L’accesso può dunque avere luogo “anche in relazione alla residua attività del gestore, quando si manifesti un interesse pubblico prevalente rispetto a quello imprenditoriale, sulla base di un giudizio di bilanciamento”( Ad. Pl.n.4/99 cit) .
Si tratta dunque, come precisato dalla decisione richiamata, di un giudizio caso per caso, da svolgere in sede di giurisdizione esclusiva, sulla base di una valutazione composita.
Nel caso di specie, in applicazione di tali principi, appare prevalente l’interesse pubblico alla trasparenza dell’attività del gestore, con riferimento all’esibizione al diretto interessato della documentazione comprovante i modi ed i tempi del relativo rapporto di lavoro.
Il richiedente, infatti, non era un estraneo rispetto alla struttura organizzativa della Telecom, ma un soggetto che, seppure in un recente passato, era stato legato alla società da un vincolo di dipendenza, per cui non si ravvisano ragioni ostative all’esibizione dei documenti comprovanti tale rapporto, in special modo in considerazione del fatto che l’interessato si è limitato a richiedere più volte la cognizione dei dati storici oggettivi, relativi alla cadenza temporale del rapporto di lavoro con la società, al mero fine di ricostruire gli elementi minimi di fatto, presupposti necessari per avviare un separato autonomo procedimento.
Né gli atti richiesti possono essere qualificati tra quelli “provenienti dal soggetto privato che chiede l’accesso”, poiché a suo tempo il sinallagma si è perfezionato con l’apporto paritario delle due volontà, del privato e del gestore, per cui la Società, esibendo al ricorrente gli atti ancora in suo possesso non sopperisce alla negligenza dell’interessato, ma si limita ad applicare alla sua attività i principi della trasparenza e della buona organizzazione, in funzione collaborativa, che devono improntare ogni attività del gestore.

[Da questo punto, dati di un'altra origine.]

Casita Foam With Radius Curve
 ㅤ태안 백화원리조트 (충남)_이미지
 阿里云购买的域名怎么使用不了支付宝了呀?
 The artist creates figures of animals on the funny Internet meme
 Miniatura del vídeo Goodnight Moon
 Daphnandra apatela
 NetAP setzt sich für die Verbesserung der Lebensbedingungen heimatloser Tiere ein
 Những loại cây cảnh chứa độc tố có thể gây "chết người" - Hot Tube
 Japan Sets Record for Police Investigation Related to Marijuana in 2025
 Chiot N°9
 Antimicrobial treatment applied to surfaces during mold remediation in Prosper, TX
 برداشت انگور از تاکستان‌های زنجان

Escluso, pertanto, che nel caso in questione, si verta in una delle ipotesi in cui la legge vieta espressamente l’accesso, non sussistendo inoltre alcuna deroga alla generale operatività dei principi di trasparenza, nè alcuna preclusione nei confronti dell’attività dei gestori disciplinata dal diritto privato, il ricorso va accolto.
E’ ovviamente esclusa dall’ambito dell’accoglimento la possibilità di imporre alla società ogni attività diversa dalla mera esibizione degli atti relativi alla prestazione lavorativa del proprio dipendente.
Le spese del giudizio possono peraltro essere compensate, attesa la peculiarità del caso.
P.Q.M.
Il Tribunale Amministrativo Regionale del Lazio, sezione terza ter, accoglie il ricorso in epigrafe e, per l’effetto, annullato il silenzio rifiuto, ordina alla Telecom l’esibizione, con possibilità di estrarne copia, di tutti gli atti in suo possesso, relativi alle prestazioni lavorative rese dal ricorrente a suo favore presso le proprie sedi.
Spese compensate.
Ordina che la presente sentenza sia eseguita dall'autorità amministrativa.
Così deciso in Roma alla camera di consiglio del 9/1/2003, con l'intervento dei sigg.
Francesco Corsaro presidente;
Lucia Tosti consigliere estensore;
Stefania Santoleri consigliere.
Depositata in segreteria in data 20 gennaio 2003.